Exactly, in SCV to execute this powerful move the command input required more time and a decent double motion.
Still easy to pull-off, but far from instant gratification.
Well, you're preaching to the choir as far as RE being too prone to abuse. It's an unbalanced panic button that breaks the pacing of the game, particularly online where stepping becomes more tedious and the lure of constant free meter is too much of a temptation for the newbies on their wifi who you can't avoid no matter what you enter into your settings. The consequence is that matches devolve into rinse and repeat battles where the veteran player can typically still punish enough to get around the RE/CE spamming, but not without such matches devolving into something that is needlessly frustrating and notably unlike traditional, enjoyable SC gameplay that proceeds at a clip and hinges on insightful reads and/or clever lures for the opposition, within the rock-paper-scissors dynamics. At the same time, it prevents the newbie from developing sound strategies for higher level play, through an exploration of the other mechanics / classic SC balance.

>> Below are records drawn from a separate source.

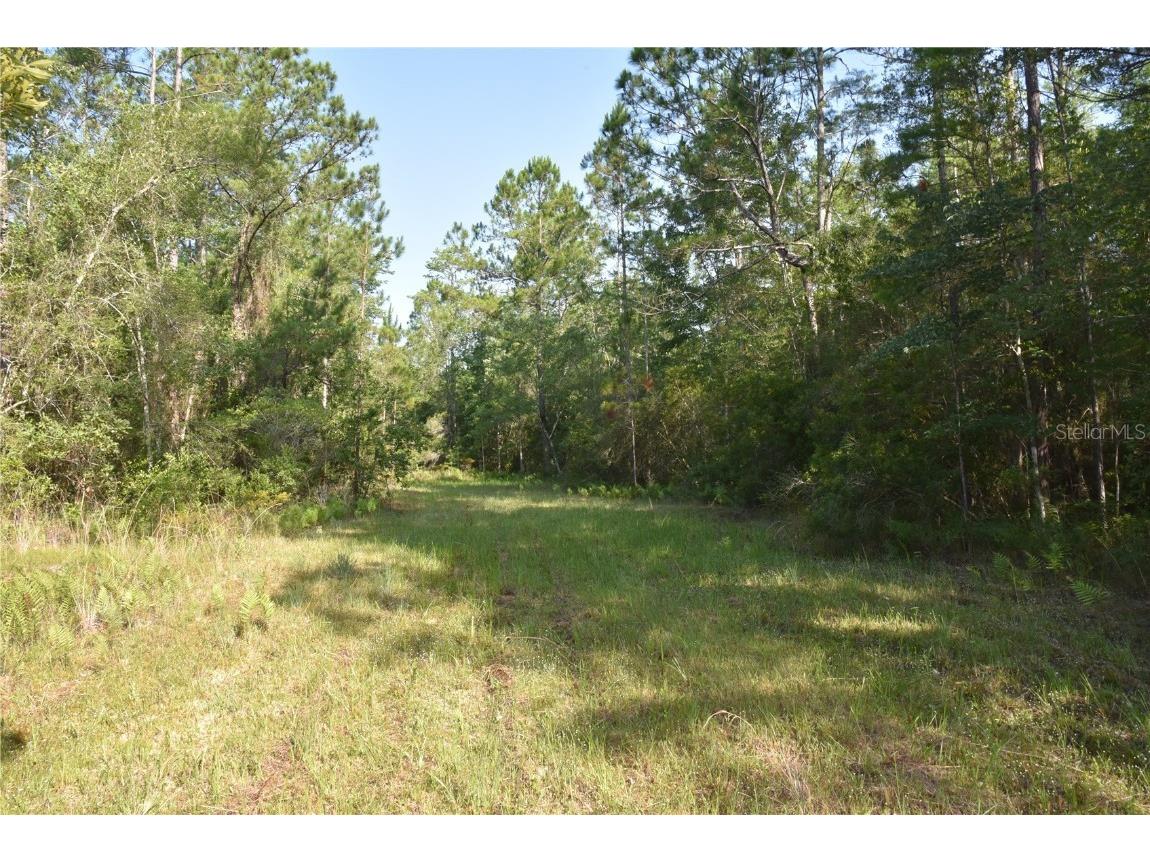 17007 County Road 1475 Gainesville FL 32609 OM679607 image1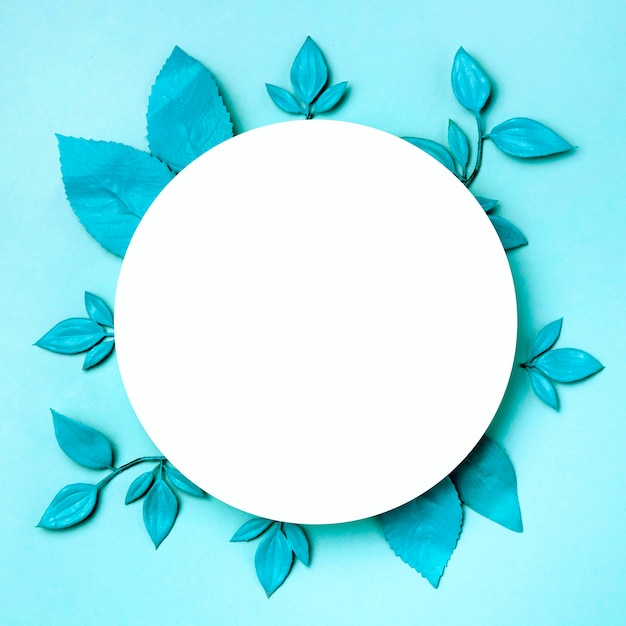 Top view white circle surrounded by green leave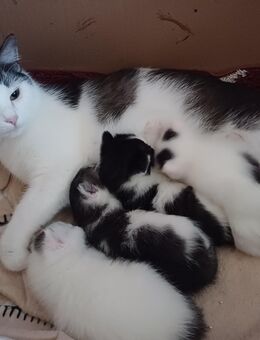 Hauskatze Kitten - Mittweida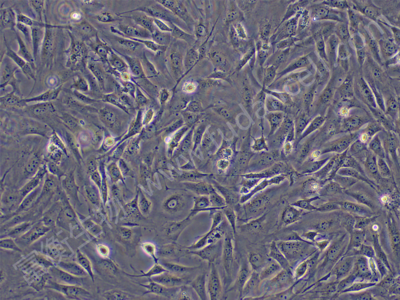 小鼠前脂肪胚胎成纤维细胞；3T3-L1(种属鉴定)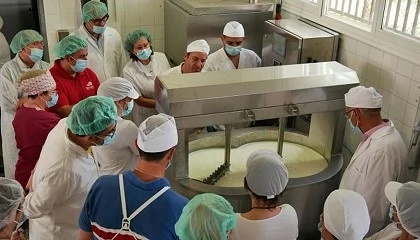 Foto de El Curso Maestro Quesero 4.0 incide en la creaci�n de peque�as industrias l�cteas
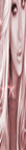 Bayan avatar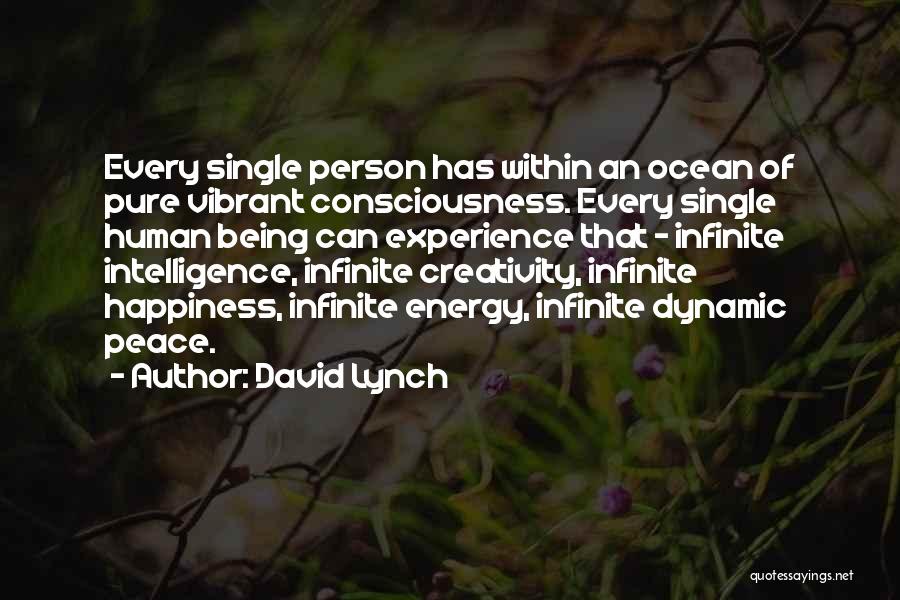 David Lynch Quotes: Every Single Person Has Within An Ocean Of Pure Vibrant Consciousness. Every Single Human Being Can Experience That - Infinite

But y'know, I was no fan of the SCV CE inputs: it was a cumbersome method that also didn't mesh well with the SC formula and which, frankly, was just one Street Fighter influence too many for that game. I'd point out that there's certainly a happy medium between those two options, but personally, I have no problem with any move, (CEs, unblockables, throws, whatever) being mapped to a single button. That's been a mechanic in SC since forever, and I don't think it really reflects much on whether a particular game in the franchise has sound and balanced mechanics. Soulcalibur has always leaned more on the mental game than on a need tor convoluted inputs. Needless to say, advanced play requires quick reflexes and a nuanced understanding of inputs and timing, but the balance of the demands the game puts on you definitely leans more towards planning, intuitive understanding of mix-ups and more than a spot of mind games, more so than an ability to contort the hand to execute a convoluted sequence of inputs to nail a 52 hit combo.
And CE wouldn't be a problem in and of itself, whether it takes twenty buttons or one, without RE. Many CEs are fairly punishable, being either stepable, slow, or both (not all, of course, but strengths and weaknesses with the mechanic are a part of the balance between characters, so that's understandable). In and of themselves, no single CE is going to wreck an opponents chance to come back completely, except if well executed in a chain, and even then the damage scales. Given how long it would take on average in high level play (and even advanced intermediate play) to put together that amount of meter without RE, and also considering how much more damage one can do with a well planned Soul Charge, CE wouldn't really be abuseable, even if mapped to just the one button, if not for RE itself. It's the two working in concert that makes everything such a f---ing chore: every scrub that's on the ropes will spam the hell out of it, and while a good player can manage to punish more than not even in a laggy situation, the scrub will also follow it up with CE after CE using the free meter. So while the vet will still generally prevail, it will be nothing but an exercise in frustration (and sitting and watching cinematics more than you play) in getting there. Anyway, if there's anything I'd rather have a convoluted input, it's RE. But of course, that would run quite against it's express design purpose of being there to give the casuals a leg up.
There are things I wish were different in SC6 (not a fan of RE, pacing gets slowed down by very long animations like CE, I wish CEs were less safe, visual effects are too distracting sometimes, I don't like any of the new characters, and some other SC games had better rosters), but when it comes to an SC game I would have the most fun playing right now (either if it's singleplayer or multiplayer), it's SC6. So that gets my vote.
If I were to rank the entire series, it would probably be something like this:
- SC6
- SC4 - Horrible netcode, but best roster in the series and I like the movesets in the game. Okay singleplayer content.
- SC3 - Great singleplayer content and roster, and did a great job evolving many movesets. Just too bad about the bugs.
- SC2 - Good singleplayer content. The game is still fun to play today, but it's hard to go back to since I prefer the roster and movesets of later games.
- SC5 - It's a fun game and they finally made a playable netcode, but roster and singleplayer content are both abysmal.
- SC1 and SE tied. Those are the two games I've played the least so I can't really judge them. I started the series with SC2.
I knew there was a reason I liked you, FQ: you may be the only other person on this board rational and objective enough to recognize that SCIV is actually one of the strongest entries in the series and that the maligning it often faces is more about a constructed community fiction about its offerings than legitimate complaints. Not that it was a perfect game by any means--flaws, it certainly had. It's just that many of the complaints are inaccurate--sometimes so inaccurate I wonder whether the people making the claims even played very much of it.